Datça yarımadasının çoğu yabani hayvanların yaşam alanı. Sadece küçük bir bölümü ziyaret edilebilecek koylara, plajlara, tarihi yapılara sahip. Datça yarımadasının bir ucundan diğer ucu 100km, ancak o kadar virajlı ve dar yollar çıkıyor ki zaman zaman karşınıza bu yolu kat etmek en az 1sa 50dk sürüyor.
Uzunluğundan dolayı geçerken uğranacak bir yer olmadığını söyleyebilirim.
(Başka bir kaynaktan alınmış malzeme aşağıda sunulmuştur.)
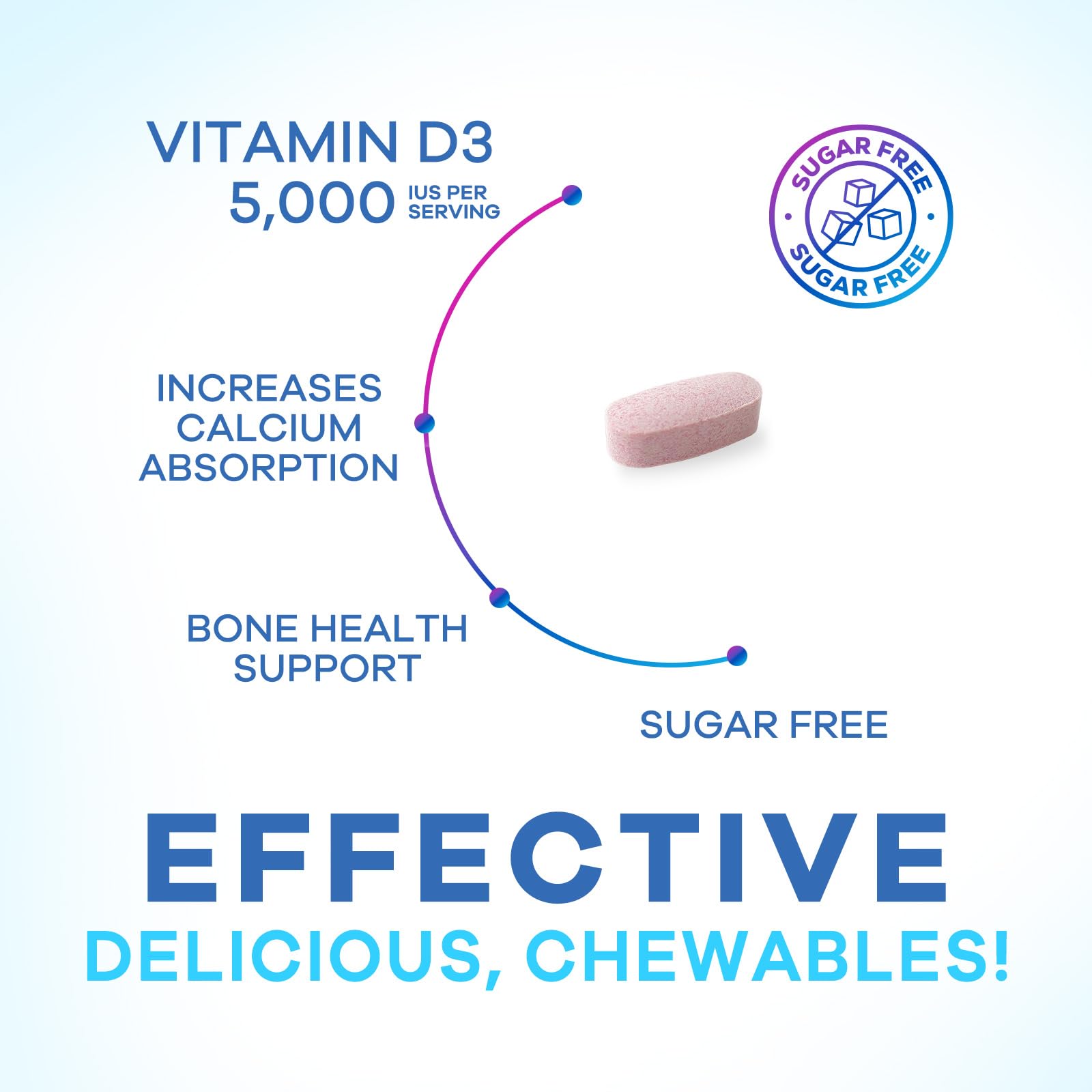 Vitamin D3 5000iu (125 mcg) - 3X Strength Immune Health Support Vitamin D Dietary Supplement for Bone, Teeth, Muscle - Vit D, Gluten Free, Raspberry Flavor, Bottled in USA - 120 Chewable Tablets — Amazon image 3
Özellikle en uç noktasına kadar gitmek isterseniz ciddi saatler harcamanız gerekir.
Datça Plajları ve Koyları
Mersincik Koyu
Datça’nın gizli cennetlerinden biri olan Mersincik Koyu, Cumalı Köyü’nde, doğanın tam ortasında yer alıyor. Murdala’nın ardından gelen bu koy, karadan yürüyüş yaparak ya da denizden teknelerle ulaşılabilen masmavi bir yer. Koy, Karia Yürüyüş Yolu’nun da bir parçası olarak karşımıza çıkıyor. Eğer maceraya açıksanız, buradaki yürüyüş rotasını deneyebilirsiniz.
Yolculuğun sonunda, masmavi ve berrak sular sizi bekliyor olacak. Ancak unutmayın, burada herhangi bir işletme yok. Yanınıza deniz ayakkabısı ve gözlük almayı ihmal etmeyin, çünkü denizkestanelerle karşılaşabilirsiniz.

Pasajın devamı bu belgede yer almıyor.